Data section =
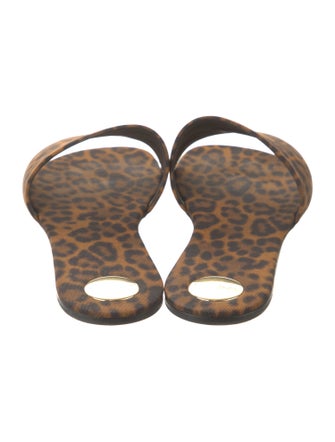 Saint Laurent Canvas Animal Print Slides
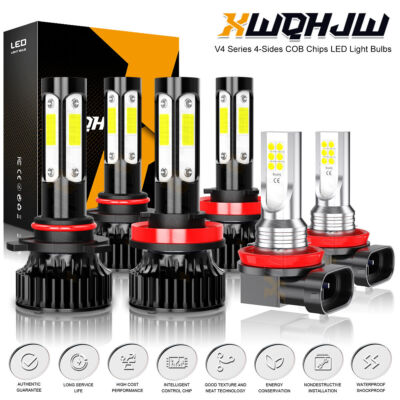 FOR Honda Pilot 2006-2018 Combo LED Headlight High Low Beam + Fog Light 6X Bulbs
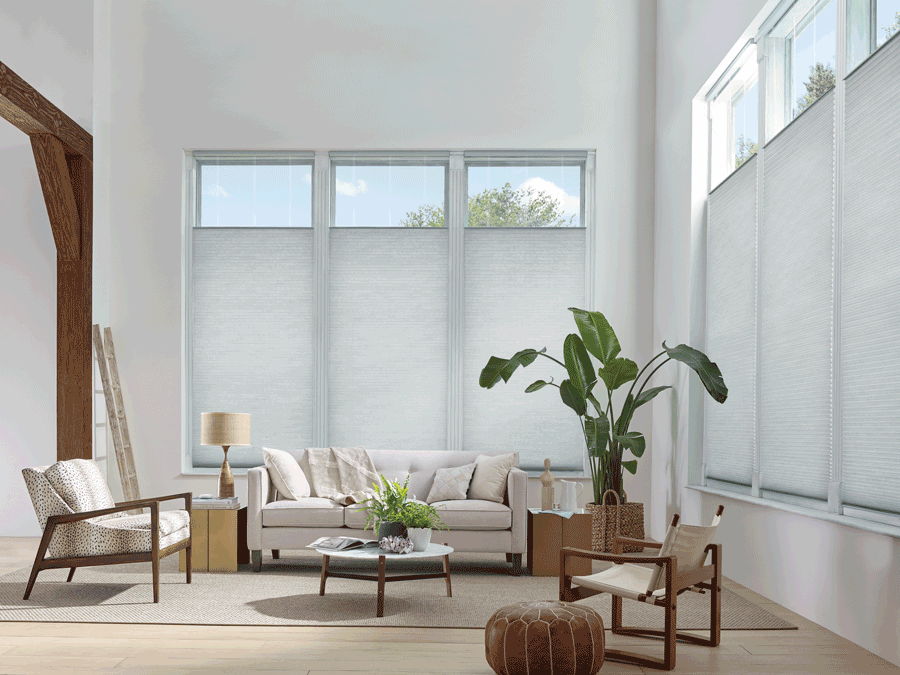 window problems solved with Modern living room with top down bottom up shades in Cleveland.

Task =
Word for word, restate all of the data, but do not copy the pictures.

Answer area =
 Saint Laurent Canvas Animal Print Slides
 FOR Honda Pilot 2006-2018 Combo LED Headlight High Low Beam + Fog Light 6X Bulbs
 window problems solved with Modern living room with top down bottom up shades in Cleveland.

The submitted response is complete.